12

Managing multiple servers, in excess of 90 currently with 3 devops via Ansible. All is working great, however there is a giant security problem right now. Each devop is using their own local ssh key to gain access directly to the servers. Each devop uses a laptop, and each laptop potentially could be be compromised thus opening the entire network of prod servers up to an attack.

I am looking for a solution to centrally manage access, and thus block access for any given key. Not dissimilar to how keys are added to bitbucket or github.

Off the top of my head I would assume the solution would be a tunnel from one machine, the gateway, to the desired prod server... while passing the gateway the request would pick up a new key and use to gain access to the prod server. The result would be we can quickly and efficiently kill access for any devop within seconds by just denying access to the gateway.

enter image description here

Is this good logic? Has anyone seen a solution out there already to thwart this problem?

JonathanDavidArndt
  • 1,414
  • 3
  • 20
  • 29
John
  • 877
  • 4
  • 15
  • 25

6 Answers6

24

That's too complicated (checking if a key has access to a specific prod server). Use the gateway server as jump host that accepts every valid key (but can easily remove access for a specific key which removes access to all servers in turn) and then add only the allowed keys to each respective server. After that, make sure you can reach the SSH port of every server only via the jump host.

This is the standard approach.

Sven
  • 97,248
  • 13
  • 177
  • 225
  • 2
    Even better: do what @Sven says but also add 2FA at the jump host. Because you re only connecting directly from the laptop when you need to manually, right? Anything automated is running from a server inside the jump host? – Adam Mar 18 '18 at 20:26
  • 1
    If you have a local certificate authority (subordinate or isolated), you can use those certificates with SSH, allowing you to centrally invalidate a believed compromised certificate. – Randall Mar 19 '18 at 09:27
11

Engineers should not be running ansible directly from their laptop, unless this is a dev/test environment.

Instead, have a central server that pulls the runbooks from git. This allows for additional controls (four eyes, code review).

Combine this with a bastion or jump-host to restrict access further.

Henk Langeveld
  • 1,294
  • 10
  • 25
2

Check out open source CLD software, it solve that problem: https://github.com/classicdevops/cld

Your engineers will able access any server according access matrix, also it provide 2FA by IP address as option.

2

Netflix implemented your setup and released some free software to help that situation.
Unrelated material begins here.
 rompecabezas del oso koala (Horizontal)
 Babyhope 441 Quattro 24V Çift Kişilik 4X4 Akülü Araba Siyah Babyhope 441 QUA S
See this video https://www.oreilly.com/learning/how-netflix-gives-all-its-engineers-ssh-access or this presentation at https://speakerdeck.com/rlewis/how-netflix-gives-all-its-engineers-ssh-access-to-instances-running-in-production with the core point:

We’ll review our SSH bastion architecture, which at its core uses SSO to authenticate engineers, and then issues per user credentials with short lived certificates for SSH authentication of the bastion to an instance. These short lived credentials reduce the risk associated them being lost. We’ll cover how this approach allows us to audit and automatically alert after the fact, instead of slowing down engineers before granting access.

Their software is available here: https://github.com/Netflix/bless

Some interesting take aways even if you do not implement their whole solution:

  • they use SSH certificates instead of just keys; you can put far more meta-data in the certificate, hence enabling a lot of constraints per requirements and also allowing simpler audits
  • using very short term (like 5 minutes) certificates validity (the SSH sessions stay open even after the certificate expires)
  • using 2FA to also make scripting difficult and force developers to find other solutions
  • a specific submodule, outside of their infrastructure and properly secured through the security mechanisms offered by the cloud where it runs, handles generating certificates dynamically so that each developer can access any host
Patrick Mevzek
  • 9,273
  • 7
  • 29
  • 42
1

OneIdentity (ex-Balabit) SPS is the exact thing you need in this scenario. With this appliance you can manage the user identities on basically any machines, track user behavior, monitor and alert, and index whatever the users doing for later reviews.

random
  • 11
  • 1
0

My suggestion is to disallow SSH access from user machines.

Instead you should

  1. Host playbooks in Git.
  2. Turn the "Access server" into a Jenkins server.
  3. Grant only needed Jenkins access to devops users.
  4. Execute Ansible plays on the Jenkins over build jobs via HTTP.
  5. As an additional security measure , disable Jenkins CLI if needed.

The sample execution model,

  1. Jenkins Ansible plugin: https://wiki.jenkins.io/display/JENKINS/Ansible+Plugin

OR

  1. Classic shell -execute type of job. Add your build steps manually, including git checkout.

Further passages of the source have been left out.